The NAB is a comprehensive modular battery of tests normed for adults between the ages of 18–97 years. Demographically adjusted norms are used. The full NAB consists of 36 individual tests across five cognitive domains. From these 36 tests, 30 scores contribute towards five separate index scores and one total battery index score. For this study, the following five index scores were included in the analyses: Attention, Language, Memory, Spatial, and Executive Functions. The Total NAB index was not included in the analyses. A measure of intellectual abilities, the Reynolds Intellectual Screening Test (RIST; Reynolds & Kamphaus, 2003) was co-administered to the NAB standardization sample.

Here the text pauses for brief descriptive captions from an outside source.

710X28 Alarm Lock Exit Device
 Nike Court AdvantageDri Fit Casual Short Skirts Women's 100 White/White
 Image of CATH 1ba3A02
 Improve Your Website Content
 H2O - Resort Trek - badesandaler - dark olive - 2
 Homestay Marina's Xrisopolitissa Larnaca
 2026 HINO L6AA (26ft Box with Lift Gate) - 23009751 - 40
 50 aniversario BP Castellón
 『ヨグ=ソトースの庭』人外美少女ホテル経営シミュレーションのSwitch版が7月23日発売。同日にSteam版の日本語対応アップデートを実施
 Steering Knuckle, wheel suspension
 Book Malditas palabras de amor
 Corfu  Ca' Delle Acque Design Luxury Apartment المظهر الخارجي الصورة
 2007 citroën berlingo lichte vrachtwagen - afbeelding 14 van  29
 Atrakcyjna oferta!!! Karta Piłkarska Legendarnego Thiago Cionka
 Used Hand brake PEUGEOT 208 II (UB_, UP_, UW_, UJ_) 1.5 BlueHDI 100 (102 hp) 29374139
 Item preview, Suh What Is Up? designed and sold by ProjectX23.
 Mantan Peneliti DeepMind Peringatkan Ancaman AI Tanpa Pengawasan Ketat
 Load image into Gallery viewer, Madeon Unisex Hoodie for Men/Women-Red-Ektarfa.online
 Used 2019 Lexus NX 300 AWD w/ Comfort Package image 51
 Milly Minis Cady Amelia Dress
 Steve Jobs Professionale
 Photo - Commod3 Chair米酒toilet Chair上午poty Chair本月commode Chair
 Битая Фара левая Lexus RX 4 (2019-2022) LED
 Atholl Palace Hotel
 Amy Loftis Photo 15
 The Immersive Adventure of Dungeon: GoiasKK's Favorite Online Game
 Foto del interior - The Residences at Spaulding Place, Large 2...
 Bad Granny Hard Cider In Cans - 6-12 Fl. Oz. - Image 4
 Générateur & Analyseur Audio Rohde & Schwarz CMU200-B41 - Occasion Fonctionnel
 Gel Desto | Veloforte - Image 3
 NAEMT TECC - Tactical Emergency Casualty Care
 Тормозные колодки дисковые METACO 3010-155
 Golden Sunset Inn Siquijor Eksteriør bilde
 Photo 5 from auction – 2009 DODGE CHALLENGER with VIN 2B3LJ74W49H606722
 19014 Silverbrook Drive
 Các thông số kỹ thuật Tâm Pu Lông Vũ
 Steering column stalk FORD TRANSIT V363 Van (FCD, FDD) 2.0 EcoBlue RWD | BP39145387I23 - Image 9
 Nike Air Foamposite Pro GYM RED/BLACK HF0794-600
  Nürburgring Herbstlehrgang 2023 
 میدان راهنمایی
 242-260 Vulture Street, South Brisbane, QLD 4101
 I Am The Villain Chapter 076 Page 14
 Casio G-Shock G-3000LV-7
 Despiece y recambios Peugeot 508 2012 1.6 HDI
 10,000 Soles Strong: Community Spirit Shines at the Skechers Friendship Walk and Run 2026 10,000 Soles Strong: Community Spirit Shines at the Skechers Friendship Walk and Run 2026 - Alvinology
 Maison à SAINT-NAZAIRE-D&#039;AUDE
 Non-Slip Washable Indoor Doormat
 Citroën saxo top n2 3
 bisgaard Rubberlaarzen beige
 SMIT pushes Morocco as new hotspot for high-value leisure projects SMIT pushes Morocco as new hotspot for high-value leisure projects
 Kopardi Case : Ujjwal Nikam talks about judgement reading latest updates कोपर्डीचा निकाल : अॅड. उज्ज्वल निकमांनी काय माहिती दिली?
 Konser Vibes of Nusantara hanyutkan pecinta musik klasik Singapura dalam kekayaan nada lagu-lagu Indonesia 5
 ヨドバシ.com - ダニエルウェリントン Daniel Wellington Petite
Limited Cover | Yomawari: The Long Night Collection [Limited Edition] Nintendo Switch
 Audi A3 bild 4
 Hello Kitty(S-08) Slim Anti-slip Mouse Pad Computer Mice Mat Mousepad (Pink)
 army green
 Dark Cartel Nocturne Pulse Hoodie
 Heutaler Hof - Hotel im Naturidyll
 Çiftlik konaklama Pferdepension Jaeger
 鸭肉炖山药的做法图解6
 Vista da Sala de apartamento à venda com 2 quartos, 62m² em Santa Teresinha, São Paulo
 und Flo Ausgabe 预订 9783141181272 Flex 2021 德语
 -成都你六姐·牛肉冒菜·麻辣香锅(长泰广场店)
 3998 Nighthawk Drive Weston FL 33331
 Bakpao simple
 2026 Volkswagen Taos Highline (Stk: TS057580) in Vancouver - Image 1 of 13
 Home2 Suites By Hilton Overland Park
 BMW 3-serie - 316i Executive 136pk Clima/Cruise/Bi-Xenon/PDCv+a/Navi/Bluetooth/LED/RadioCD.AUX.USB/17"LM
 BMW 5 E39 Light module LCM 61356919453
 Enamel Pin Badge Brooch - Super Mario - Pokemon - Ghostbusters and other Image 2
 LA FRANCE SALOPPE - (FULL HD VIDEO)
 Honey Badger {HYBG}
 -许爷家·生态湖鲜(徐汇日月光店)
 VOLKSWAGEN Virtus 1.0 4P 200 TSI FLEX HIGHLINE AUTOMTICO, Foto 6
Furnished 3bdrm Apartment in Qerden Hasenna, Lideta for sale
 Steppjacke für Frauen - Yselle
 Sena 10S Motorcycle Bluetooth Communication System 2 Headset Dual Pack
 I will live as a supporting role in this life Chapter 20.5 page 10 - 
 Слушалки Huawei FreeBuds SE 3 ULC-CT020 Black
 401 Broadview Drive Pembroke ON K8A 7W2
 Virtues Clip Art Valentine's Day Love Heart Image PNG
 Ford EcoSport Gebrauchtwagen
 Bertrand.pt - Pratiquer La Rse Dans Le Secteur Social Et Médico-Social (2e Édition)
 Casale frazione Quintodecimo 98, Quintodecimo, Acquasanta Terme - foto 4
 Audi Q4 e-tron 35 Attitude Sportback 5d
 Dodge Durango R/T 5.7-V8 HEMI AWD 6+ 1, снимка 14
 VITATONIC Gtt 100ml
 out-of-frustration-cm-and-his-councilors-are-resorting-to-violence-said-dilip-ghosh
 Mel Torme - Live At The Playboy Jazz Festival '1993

#### Wechsler Adult Intelligence Scale – III/Wechsler Memory Scale – III

The WAIS-III (Wechsler, 1997a) and WMS-III (Wechsler, 1997b) were developed for use with adults between 16 and 89 years of age. These batteries were co-normed using a stratified, US-representative sample of 1,250 healthy adults. Participants were included in the standardization sample if they were medically and psychiatrically healthy, based on a self-report questionnaire. The exclusion criteria included color blindness, uncorrected hearing loss and/or visual impairment, upper extremity motor problems that might interfere with testing, current treatment for alcohol or drug dependence, consumption of three or more alcoholic beverages on two or more nights per week, having sought attention from a professional for memory or cognitive problems, a history of traumatic brain injury involving loss of consciousness for five or more minutes and/or requiring hospitalization for more than 24 hr, any medical or psychiatric condition that could potentially impact cognitive functioning (e.g., stroke, epilepsy, brain surgery, encephalitis, meningitis, multiple sclerosis, Parkinson's disease, Huntington's chorea, Alzheimer's disease, schizophrenia, or bipolar disorder), or currently receiving any treatment for a medical or psychiatric condition (e.g., electroconvulsive therapy or any antidepressant, anxiolytic, or neuroleptic medication; The Psychological Corporation, 1997).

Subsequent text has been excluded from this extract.